From Eric Freden on Fri, 04 Dec 1998
Here is a legitimate use for remote login as root:
My kid plays some svga game on my console and locks the keyboard (for instance). I want to telnet in and /sbin/shutdown -r now
Actually you can often recover from this without a shutdown. But its a trick. Eventually we might have something like KGI/GGI to provide more robust SVGAlib support.
(The trick is to start X from your telnet/terminal session. This usually does a complete video system reset as a side effect. WARNING!: This might hang the system --- so close any running text mode apps, save any accessible documents and issue a few calls to 'sync' before trying it).
For RedHat 5.0 (and all other RedHat versions I've used) only root can do this. Changing to su and executing shutdown won't reboot! Perhaps you could find a workaraound for this scenario?
If that's your experience then something is wrong with your 'su' command!

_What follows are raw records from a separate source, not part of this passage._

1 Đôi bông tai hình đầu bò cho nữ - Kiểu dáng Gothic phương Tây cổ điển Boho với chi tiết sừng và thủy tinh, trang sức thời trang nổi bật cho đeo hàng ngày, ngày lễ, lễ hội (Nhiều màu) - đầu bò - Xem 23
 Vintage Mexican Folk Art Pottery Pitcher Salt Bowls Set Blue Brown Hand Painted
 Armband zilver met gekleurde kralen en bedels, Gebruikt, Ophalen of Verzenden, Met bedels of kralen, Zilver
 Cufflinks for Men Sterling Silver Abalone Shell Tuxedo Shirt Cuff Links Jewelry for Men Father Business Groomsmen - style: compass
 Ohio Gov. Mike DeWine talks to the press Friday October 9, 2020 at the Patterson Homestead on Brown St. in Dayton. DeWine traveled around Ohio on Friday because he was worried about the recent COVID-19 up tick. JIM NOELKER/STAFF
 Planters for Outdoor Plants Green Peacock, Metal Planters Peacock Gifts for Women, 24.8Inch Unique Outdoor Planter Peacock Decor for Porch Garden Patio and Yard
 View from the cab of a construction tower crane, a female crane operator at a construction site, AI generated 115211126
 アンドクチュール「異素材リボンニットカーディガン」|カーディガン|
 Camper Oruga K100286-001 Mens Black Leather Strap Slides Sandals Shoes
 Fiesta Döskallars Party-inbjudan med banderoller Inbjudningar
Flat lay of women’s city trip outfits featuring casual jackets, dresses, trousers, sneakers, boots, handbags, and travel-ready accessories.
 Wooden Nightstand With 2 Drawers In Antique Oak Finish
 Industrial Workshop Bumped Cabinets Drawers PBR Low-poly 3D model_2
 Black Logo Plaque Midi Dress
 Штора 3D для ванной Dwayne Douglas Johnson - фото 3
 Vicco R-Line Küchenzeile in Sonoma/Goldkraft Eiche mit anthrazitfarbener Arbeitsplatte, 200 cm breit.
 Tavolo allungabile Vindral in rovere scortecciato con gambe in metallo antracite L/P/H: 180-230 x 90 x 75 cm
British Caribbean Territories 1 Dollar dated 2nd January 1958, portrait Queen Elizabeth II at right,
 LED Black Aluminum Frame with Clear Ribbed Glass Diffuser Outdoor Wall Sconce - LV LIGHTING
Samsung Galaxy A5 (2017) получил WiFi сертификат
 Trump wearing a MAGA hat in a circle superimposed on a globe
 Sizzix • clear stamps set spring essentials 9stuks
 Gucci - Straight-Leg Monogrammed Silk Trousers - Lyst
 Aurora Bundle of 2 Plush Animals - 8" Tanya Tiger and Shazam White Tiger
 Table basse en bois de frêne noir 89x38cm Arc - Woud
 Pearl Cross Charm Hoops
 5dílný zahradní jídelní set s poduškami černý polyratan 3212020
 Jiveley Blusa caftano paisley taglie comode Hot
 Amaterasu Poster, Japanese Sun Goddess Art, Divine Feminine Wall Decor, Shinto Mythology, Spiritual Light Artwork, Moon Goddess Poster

Did you issue 'su -' (the dash is pretty important --- as it forces the 'su' command to run your .login/.profile scripts and initialize root environment (and shell variables, etc).
Another approach is to tweak the permissions on 'shutdown' Here's the recommended method:
Create a group such as "shutdown" or use the "wheel" group.
Add your regular user account (and mom's?) to that group.
Issue a command like:
chown root.$GROUP $(which shutdown)
... to set the file group association appropriately. You could also use 'chown' then 'chgrp' seperately, of course.
Make it SUID with a command like:
chgrp 4550 $(which shutdown)
N.B. I set the execute bit for owner and group but not for "other/world"
This allows people in the associated group to issue the 'shutdown' command. That command will run with root' privileges. The 0 permissions for "other" prevent "others" from executing this command at all. (Other users have no valid reason to issue a shutdown command).
Setting binaries to be SUID always has implications for system security. However, it is one of the primary forms of authority delegation available in Unix/Linux.
In this case we minimize the risk by limiting the number of accounts that can access the command.
This technique is generally useful and should be considered for all Unix/Linux SUID commands.